Drones weighing more than 250g will now have to be registered in the UK, while users will have to pass a safety awareness test, to counteract potentially “catastrophic” airline collisions.
The Government announced the new rules as drone-related incidents reported to the police have rapidly grown, with 3,456 reports of misuse last year.
While there has not been a significant accident involving a drone yet, in the first half of the year there were 48 near-misses between planes and unmanned aircraft reported.
Flights had to be diverted at Gatwick earlier this month when a drone was spotted on a flight path, while in May a pilot was forced to take evasive action when a drone came within 60 feet of his plane as he prepared to land in Edinburgh.
Pilots have warned that the situation is potentially "catastrophic". According to Brian Strutton, the general secretary of the pilots' union BALPA, drones have the ability to shatter an aircraft windshield or helicopter rotor.

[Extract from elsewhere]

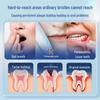 Philips HX2481 Series Sonic Electric Toothbrush CN plug (adapter included)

"We hope that urgent Government action will now follow to control this proven threat before there is a disaster and lives are lost,” Strutton said.
There have also been incidents of drones being used to deliver drugs to prison inmates.
There is no time frame or firm plans as to how the new rules will be enforced and the Department of Transport admitted that "the nuts and bolts still have to be ironed out".
As part of the registration process, users will have to pass a drone safety awareness test which will involve potential flyers having to "prove that they understand UK safety, security and privacy regulations", the department said.
At present, only commercial drone operators have to notify regulators and complete a training course in order to use the flying vehicles.
The plans also include the extension of geo-fencing, in which no-fly zones are programmed into drones using GPS co-ordinates, around areas such as prisons and airports.
Aviation minister Lord Callanan said the regulations will "prioritise protecting the public while maximising the full potential of drones".
"Increasingly, drones are proving vital for inspecting transport infrastructure for repair or aiding police and fire services in search and rescue operations, even helping to save lives," he said. "But like all technology, drones too can be misused."
Drone maker DJI said it was in favour of the measures.